## [DATA UNDER STUDY]
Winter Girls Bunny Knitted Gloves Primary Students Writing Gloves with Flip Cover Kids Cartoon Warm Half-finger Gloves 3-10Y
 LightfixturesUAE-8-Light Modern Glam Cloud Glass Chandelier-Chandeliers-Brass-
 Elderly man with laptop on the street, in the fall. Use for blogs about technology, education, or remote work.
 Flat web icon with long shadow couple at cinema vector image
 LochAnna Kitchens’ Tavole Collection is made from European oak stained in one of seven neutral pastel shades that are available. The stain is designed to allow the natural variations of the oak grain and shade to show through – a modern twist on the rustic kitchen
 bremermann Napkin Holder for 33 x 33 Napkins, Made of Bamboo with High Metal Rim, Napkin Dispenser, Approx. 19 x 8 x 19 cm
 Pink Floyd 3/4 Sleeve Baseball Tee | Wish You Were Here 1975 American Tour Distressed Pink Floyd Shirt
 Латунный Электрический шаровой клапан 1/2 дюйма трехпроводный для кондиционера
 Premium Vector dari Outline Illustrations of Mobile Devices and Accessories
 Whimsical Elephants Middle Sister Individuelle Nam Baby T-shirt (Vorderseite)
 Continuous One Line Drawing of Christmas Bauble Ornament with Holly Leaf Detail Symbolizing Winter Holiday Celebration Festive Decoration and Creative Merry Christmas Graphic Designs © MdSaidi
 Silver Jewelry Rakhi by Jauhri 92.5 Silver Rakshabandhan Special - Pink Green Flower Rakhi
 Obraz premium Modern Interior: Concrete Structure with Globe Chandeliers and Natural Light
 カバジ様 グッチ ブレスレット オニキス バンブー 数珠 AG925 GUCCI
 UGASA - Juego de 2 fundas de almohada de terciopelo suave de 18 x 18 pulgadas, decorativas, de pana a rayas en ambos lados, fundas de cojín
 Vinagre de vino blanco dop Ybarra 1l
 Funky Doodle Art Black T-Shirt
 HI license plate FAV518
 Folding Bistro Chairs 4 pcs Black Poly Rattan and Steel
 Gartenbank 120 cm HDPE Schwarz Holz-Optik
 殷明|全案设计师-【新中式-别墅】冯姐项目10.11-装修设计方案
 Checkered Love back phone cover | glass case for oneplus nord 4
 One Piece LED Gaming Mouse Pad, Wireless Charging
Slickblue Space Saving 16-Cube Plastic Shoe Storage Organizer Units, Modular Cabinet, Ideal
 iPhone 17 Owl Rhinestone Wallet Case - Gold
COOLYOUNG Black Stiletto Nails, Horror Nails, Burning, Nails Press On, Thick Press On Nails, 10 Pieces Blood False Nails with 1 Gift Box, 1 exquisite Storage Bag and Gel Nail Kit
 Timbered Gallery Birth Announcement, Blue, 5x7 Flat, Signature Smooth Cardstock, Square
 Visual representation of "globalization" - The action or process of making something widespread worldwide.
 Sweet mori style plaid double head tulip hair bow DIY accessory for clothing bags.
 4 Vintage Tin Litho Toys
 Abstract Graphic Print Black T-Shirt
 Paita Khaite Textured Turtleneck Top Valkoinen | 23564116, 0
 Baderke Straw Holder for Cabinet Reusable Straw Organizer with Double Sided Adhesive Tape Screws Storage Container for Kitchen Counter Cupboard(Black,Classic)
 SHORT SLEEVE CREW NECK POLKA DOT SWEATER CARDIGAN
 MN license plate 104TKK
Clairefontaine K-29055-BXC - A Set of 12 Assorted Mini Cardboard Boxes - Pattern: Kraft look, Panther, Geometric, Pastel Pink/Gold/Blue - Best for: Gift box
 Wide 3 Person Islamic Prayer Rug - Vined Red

## [WORK TO COMPLETE]
Reproduce, word for word and in full, only the lines above that start at the line with "Folding Bistro Chairs" and run through the line with "COOLYOUNG Black Stiletto", both ends included.

## [REPLY TO THE EXERCISE]
 Folding Bistro Chairs 4 pcs Black Poly Rattan and Steel
 Gartenbank 120 cm HDPE Schwarz Holz-Optik
 殷明|全案设计师-【新中式-别墅】冯姐项目10.11-装修设计方案
 Checkered Love back phone cover | glass case for oneplus nord 4
 One Piece LED Gaming Mouse Pad, Wireless Charging
Slickblue Space Saving 16-Cube Plastic Shoe Storage Organizer Units, Modular Cabinet, Ideal
 iPhone 17 Owl Rhinestone Wallet Case - Gold
COOLYOUNG Black Stiletto Nails, Horror Nails, Burning, Nails Press On, Thick Press On Nails, 10 Pieces Blood False Nails with 1 Gift Box, 1 exquisite Storage Bag and Gel Nail Kit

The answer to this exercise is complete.